Excuse me? I'm not allowed to voice my concerns over someones "twattish" actions? Like openly flirting with Arsenal and Real Madrid in the transfer window. Biting not once, but twice! Bakkal of PSV and Ivanovic of Chelsea, plus the blatant punch in the stomach against Chile and of course, the controversial racial row with Patrice Evra. You're telling me, he didn't act like a twat? Ok then, I guess you were obviously taught differently.


----------



## hsfkush (Mar 1, 2014)

captainspliffheart said:


> Suarez is a very good footballer. But it depends how you want to win things (not that Liverpool will win anything like). You can play by cheating and bullying (Suarez, Gerrard- the Liverpool way; theyve always done it goin back to Souness, Case , Dalglish etc etc.

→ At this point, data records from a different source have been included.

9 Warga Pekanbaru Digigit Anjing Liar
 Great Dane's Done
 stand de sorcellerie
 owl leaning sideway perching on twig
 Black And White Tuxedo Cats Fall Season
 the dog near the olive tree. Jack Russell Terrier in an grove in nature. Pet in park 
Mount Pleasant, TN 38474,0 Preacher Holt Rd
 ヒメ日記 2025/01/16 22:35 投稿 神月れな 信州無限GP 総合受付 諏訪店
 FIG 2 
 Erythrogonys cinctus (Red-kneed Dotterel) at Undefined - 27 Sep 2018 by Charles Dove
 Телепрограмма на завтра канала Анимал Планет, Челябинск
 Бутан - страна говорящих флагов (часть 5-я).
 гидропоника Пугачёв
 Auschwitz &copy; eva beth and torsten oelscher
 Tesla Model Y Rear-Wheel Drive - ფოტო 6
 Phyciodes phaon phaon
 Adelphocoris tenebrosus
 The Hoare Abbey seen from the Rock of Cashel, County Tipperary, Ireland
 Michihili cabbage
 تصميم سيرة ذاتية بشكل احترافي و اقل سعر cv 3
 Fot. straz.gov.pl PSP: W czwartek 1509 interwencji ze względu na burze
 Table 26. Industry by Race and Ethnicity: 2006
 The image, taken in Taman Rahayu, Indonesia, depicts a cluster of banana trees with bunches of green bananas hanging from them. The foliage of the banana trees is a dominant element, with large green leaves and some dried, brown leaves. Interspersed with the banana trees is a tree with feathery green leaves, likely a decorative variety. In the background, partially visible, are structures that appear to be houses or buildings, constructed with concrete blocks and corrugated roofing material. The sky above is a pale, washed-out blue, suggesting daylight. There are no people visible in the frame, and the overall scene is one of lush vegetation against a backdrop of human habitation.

No class. *Or you can do it with class like Everton*. Class manager, no bullying refs, no cheats, no multi million pound wages wasted on rubbish. Depends what example you want to show your kids. Man Utd just gave Rooney 300k a week. What does that say to young kids whose parents might be visiting food kitchens. Put a cap on wages like in Rugby and put some decency back in the game. English football is rotten.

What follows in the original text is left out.